I’m under the impression that you really can’t complain about a movie you haven’t seen. But here’s the thing: I really really don’t want to watch Transformers: Age of Extinction because it looks really really bad. Really. I watched one Transformers movie, haven’t I suffered enough? What more can my country ask of me?
There are subtle indicators
There is a scene, an actual scene written by someone who got paid to write it, and then filmed by people who go home every night and tell their families that they’re filmmakers, where a guy pulls out a card to prove that he cannot legally be a statutory rapist.

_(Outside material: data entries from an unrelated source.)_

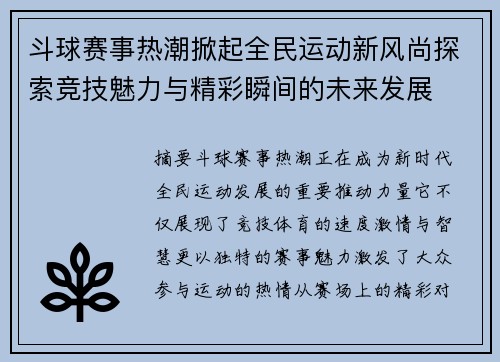 斗球赛事热潮掀起全民运动新风尚探索竞技魅力与精彩瞬间的未来发展 斗球赛事热潮掀起全民运动新风尚探索竞技魅力与精彩瞬间的未来发展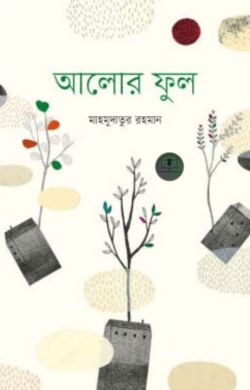 আলোর ফুল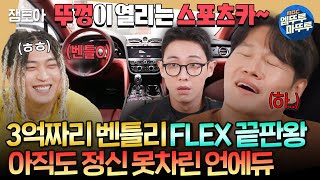 짠남자 누가 종국이형 혈압약 좀 낭비 끝판왕 재등장에 또 뚜껑 열린 김종국ㅋㅋㅋㅣ언에듀케이티드키드 김종국 MBC241113방송 [upl. by Pelson849]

I mean it’s really hard to think that I’ve taken that scene out of context. Because the context, I might point out, is that giant alien robots are fighting in Texas.

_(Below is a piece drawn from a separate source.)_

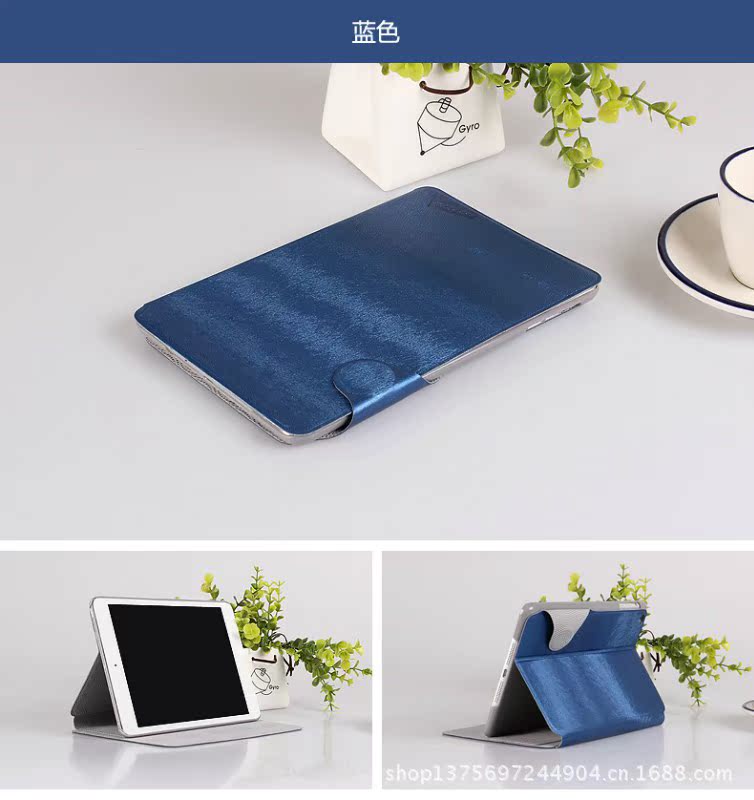 ipad mini 舞系列12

Yes, I doubt I’m missing some vital piece of information.
Michael Bay and I go way back. When I was young, and a chump (I liked Frank Miller if you need to understand how much of a chump I was) I liked Michael Bay.
I watched The Rock and Bad Boys 2 and Armageddon and you know what, looking back there is some really messed up stuff in those movies. At the very least, I remember some creepy Dad-Love in Armageddon but whatever. Michael Bay kind of sucks.
But what about…
Watch it to the end, it’s relevant.
But what about the millions of dollars that he makes every time he makes a terrible Transformers movie? Beats me.
Do you understand how hard you have to work to make me not want to watch a movie about alien robots fighting in Texas? Do you understand how this goes against everything in my nature? Do you know how dearly I wish I had a time machine so I could go back in time and buy an Optimus Prime doll? I can buy an Optimus Prime doll right now but I won’t, because I wanted one back then, Dad.
Anyway, on a mountain of skulls, in the castle of pain, Michael Bay sits on a throne of blood. That’s not really meant to mean anything, I just felt like referencing Ghostbusters 2.